While many legislators – including some in Walker’s own party – oppose the governor’s proposal on road construction projects, Jaggi said the continued struggles to find sustainable funding for construction has given the VRBC a mission that goes beyond just the local project.
“It’s one thing not to start a project, then the businesses can stay status quo,” Jaggi said. “But when you start a project, I think you have to be able to complete that project.
“We advocate for the state to explore sustainable funding options for our transportation infrastructure to support the roads (and) bridges to keep our transportation vital across the state,” she added.
However long the work lasts, teamwork throughout will be key for many of the area’s businesses.
One of the biggest disruptions so far was the DOT adjusting its timeline to close Verona Road for a weekend.
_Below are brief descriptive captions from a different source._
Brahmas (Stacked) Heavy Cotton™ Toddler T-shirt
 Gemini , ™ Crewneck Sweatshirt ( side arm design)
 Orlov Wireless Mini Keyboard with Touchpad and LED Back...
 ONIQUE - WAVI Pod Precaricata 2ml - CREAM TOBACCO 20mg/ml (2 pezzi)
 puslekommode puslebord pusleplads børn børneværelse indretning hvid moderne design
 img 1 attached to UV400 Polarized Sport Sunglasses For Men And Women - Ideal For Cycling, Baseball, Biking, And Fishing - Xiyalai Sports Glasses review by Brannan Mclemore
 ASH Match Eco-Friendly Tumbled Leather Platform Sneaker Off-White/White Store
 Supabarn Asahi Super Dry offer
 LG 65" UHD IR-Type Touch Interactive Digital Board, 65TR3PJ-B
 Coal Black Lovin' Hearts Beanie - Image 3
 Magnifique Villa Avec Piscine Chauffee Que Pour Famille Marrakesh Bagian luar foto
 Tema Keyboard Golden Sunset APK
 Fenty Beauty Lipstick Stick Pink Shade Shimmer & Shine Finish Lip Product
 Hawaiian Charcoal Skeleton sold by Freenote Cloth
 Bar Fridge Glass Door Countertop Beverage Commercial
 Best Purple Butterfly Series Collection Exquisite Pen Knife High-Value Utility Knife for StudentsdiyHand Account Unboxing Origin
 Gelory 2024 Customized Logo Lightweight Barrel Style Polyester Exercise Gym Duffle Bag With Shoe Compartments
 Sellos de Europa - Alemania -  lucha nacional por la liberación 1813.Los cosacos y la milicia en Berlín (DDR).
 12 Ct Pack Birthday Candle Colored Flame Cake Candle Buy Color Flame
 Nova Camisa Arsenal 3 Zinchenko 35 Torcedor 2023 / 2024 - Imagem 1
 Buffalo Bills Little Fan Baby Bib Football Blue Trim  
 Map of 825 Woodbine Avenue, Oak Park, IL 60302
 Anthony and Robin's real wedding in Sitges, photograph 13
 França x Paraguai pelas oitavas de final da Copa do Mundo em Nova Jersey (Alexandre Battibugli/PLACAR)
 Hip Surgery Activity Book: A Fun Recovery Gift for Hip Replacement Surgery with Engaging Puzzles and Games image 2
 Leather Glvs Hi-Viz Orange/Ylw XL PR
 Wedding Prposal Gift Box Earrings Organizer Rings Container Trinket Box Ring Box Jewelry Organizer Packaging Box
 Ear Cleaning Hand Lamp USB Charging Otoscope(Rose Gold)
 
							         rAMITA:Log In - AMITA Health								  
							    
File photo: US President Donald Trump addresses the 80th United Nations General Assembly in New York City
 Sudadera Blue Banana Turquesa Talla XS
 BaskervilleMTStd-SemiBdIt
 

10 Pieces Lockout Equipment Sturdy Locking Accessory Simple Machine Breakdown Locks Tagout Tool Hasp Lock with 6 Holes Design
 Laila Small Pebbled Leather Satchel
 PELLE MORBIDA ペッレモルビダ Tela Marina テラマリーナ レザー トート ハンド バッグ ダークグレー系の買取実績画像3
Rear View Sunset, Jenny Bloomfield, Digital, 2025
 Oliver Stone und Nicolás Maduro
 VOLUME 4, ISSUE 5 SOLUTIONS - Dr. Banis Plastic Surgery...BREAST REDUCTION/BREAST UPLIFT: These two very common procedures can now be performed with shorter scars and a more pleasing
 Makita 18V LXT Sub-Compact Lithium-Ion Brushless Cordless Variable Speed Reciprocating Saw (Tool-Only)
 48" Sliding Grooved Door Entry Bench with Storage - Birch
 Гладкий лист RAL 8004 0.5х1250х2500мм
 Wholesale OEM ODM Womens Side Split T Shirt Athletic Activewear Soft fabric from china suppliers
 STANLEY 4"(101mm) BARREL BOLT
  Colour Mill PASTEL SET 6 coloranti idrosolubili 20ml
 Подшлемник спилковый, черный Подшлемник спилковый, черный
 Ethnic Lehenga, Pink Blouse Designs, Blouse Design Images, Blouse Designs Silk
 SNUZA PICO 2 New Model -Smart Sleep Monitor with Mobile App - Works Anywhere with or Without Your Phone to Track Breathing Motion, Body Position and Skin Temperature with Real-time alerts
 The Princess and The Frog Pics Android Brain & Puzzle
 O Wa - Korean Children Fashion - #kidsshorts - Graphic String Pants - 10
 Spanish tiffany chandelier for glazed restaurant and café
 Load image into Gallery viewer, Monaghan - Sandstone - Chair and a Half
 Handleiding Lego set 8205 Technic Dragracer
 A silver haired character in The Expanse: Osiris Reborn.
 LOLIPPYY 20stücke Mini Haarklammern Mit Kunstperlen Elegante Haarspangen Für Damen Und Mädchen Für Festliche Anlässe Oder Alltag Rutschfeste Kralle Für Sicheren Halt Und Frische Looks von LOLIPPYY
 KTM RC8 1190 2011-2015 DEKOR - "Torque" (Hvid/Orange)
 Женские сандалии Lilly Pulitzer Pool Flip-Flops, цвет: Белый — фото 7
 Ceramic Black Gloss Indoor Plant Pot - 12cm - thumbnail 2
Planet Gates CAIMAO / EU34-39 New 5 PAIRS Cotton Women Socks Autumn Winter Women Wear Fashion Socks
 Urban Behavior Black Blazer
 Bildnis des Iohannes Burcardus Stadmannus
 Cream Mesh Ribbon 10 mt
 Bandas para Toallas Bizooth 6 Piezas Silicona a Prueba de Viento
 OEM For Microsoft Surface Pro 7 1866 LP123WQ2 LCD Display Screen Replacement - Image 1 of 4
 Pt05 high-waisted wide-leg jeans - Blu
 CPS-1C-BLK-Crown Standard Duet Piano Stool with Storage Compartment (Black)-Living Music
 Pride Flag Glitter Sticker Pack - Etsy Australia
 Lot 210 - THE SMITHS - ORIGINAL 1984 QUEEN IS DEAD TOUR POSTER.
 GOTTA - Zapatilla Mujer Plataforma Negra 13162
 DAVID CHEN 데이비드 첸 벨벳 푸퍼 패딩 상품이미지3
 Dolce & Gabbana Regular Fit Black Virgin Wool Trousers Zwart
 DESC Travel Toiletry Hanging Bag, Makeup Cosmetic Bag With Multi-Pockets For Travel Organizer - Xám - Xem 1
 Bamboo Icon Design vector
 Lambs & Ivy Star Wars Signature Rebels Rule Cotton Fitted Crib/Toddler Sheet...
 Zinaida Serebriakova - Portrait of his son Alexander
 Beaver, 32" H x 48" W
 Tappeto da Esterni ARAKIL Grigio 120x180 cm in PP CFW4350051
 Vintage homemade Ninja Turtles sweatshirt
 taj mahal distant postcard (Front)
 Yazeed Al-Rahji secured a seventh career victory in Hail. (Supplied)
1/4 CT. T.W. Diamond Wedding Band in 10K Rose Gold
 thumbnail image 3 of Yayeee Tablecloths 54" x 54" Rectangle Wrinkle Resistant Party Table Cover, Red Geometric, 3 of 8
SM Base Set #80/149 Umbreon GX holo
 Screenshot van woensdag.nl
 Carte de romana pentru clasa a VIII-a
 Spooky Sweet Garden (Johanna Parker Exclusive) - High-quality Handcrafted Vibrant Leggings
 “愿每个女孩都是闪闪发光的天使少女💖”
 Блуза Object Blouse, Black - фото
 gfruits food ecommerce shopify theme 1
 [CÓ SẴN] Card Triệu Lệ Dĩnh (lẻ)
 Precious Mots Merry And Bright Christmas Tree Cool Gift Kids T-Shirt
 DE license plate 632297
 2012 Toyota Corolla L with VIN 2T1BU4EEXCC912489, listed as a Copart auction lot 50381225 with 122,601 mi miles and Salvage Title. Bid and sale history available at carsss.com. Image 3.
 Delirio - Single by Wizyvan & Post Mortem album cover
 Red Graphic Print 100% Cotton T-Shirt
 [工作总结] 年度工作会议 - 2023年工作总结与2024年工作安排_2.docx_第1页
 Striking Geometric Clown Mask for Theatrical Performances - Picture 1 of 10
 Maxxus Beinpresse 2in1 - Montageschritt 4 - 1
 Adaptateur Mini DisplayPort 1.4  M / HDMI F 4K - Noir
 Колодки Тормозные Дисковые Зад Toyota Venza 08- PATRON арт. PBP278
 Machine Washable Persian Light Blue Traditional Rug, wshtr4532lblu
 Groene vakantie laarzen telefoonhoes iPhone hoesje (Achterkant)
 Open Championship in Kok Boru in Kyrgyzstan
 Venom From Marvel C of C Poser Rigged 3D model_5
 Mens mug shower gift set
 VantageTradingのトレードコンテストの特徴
Jaggi said contractors originally planned to do that work Oct. 1-2, leaving Verona Road closed during the annual Beer Fest at Quivey’s Grove.
When she asked if they could change it, they were able to move the construction back a week, which instead left it closed for 27 hours Oct. 8-9.
“Everything we’ve asked for, they’ve resolved,” she said. “That was going to be a very big deal.”
While the DOT’s responsiveness has been key, Jaggi said, the businesses themselves might be even more important to one another, as they encourage customers to patronize other businesses in the area and support one another when they have their own shopping to do.
“The coalition is committed to supporting these businesses and shopping locally first,” Jaggi said. “That can make a big difference.”
Skowronski, whose business is new to the area as the distillery moves from its Madison location, agreed.
“We’re really working together,” she said. “We’re all kind of trying to support each other and work together to make it through this time.”